▶ [Task description]: Word for word, quote the lines from the one containing "The Frontier Molecular" to the end of the entries below, including both. Leave pictures out.

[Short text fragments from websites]
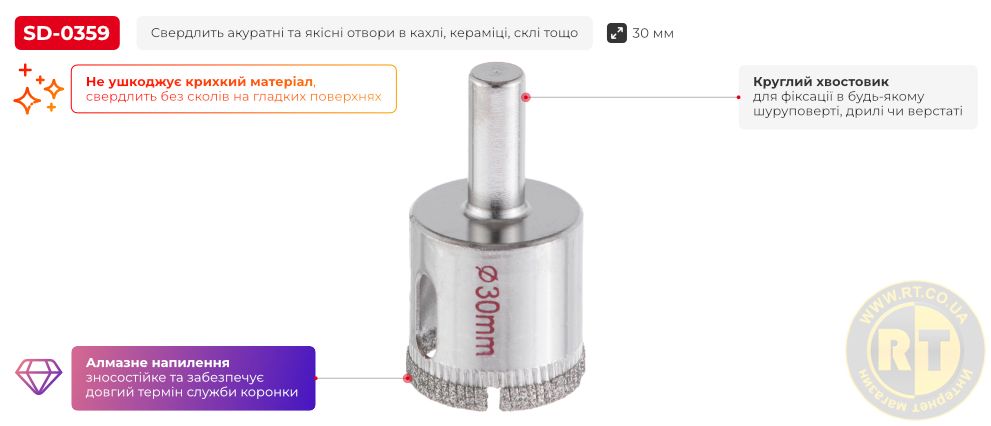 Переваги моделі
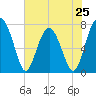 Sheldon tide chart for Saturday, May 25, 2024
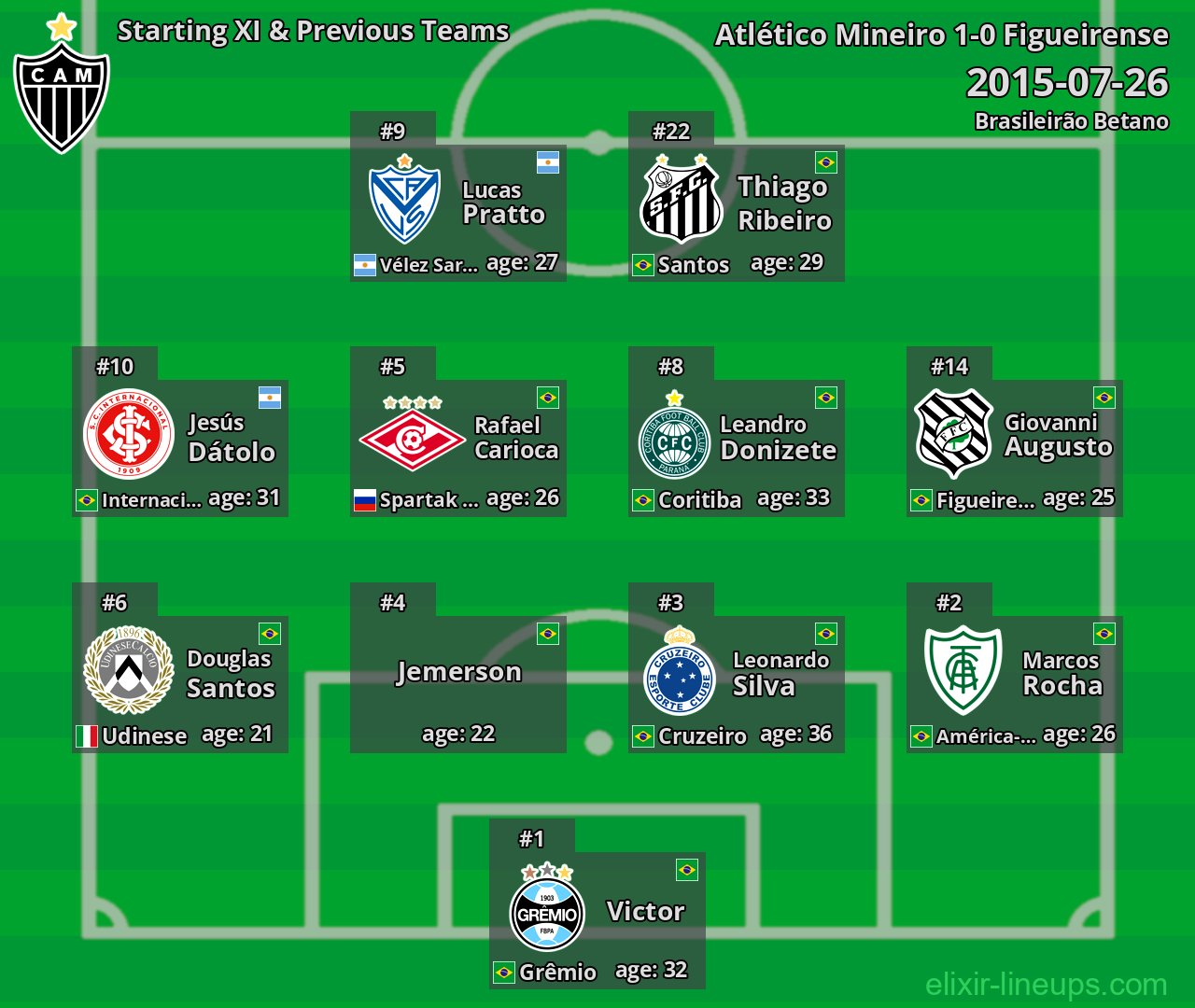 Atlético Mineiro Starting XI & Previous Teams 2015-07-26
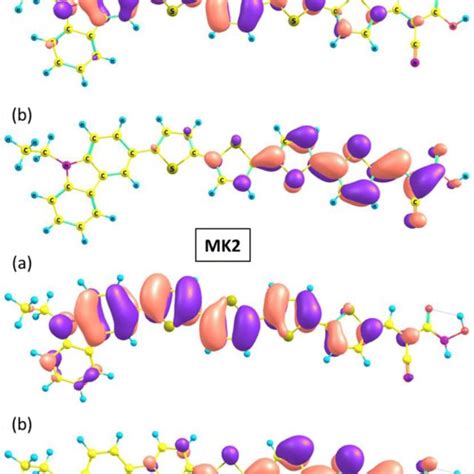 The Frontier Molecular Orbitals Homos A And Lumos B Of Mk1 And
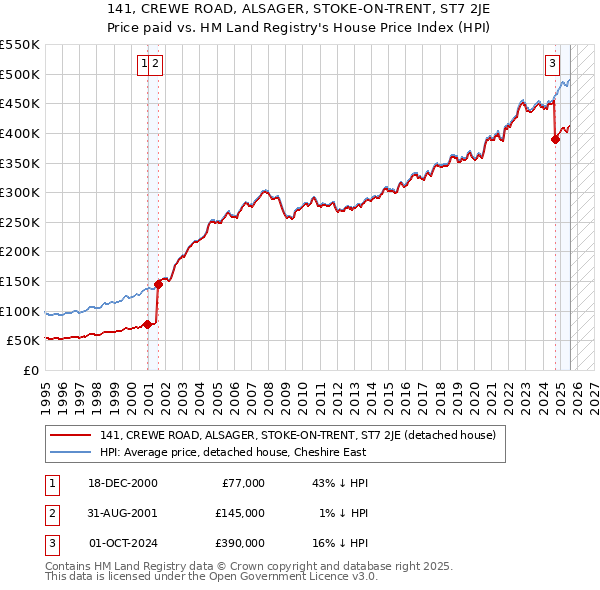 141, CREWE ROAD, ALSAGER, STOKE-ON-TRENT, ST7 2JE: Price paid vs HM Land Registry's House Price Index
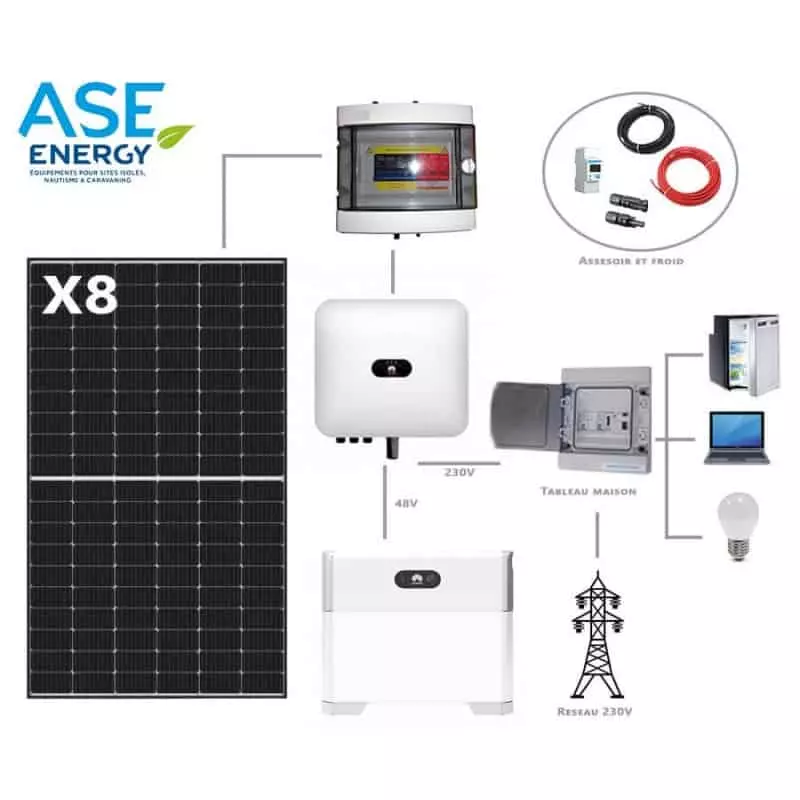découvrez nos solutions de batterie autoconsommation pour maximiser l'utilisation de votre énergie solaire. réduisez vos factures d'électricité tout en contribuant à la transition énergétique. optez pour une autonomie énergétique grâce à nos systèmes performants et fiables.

▶ [Finished task]:
 The Frontier Molecular Orbitals Homos A And Lumos B Of Mk1 And
 141, CREWE ROAD, ALSAGER, STOKE-ON-TRENT, ST7 2JE: Price paid vs HM Land Registry's House Price Index
découvrez nos solutions de batterie autoconsommation pour maximiser l'utilisation de votre énergie solaire. réduisez vos factures d'électricité tout en contribuant à la transition énergétique. optez pour une autonomie énergétique grâce à nos systèmes performants et fiables.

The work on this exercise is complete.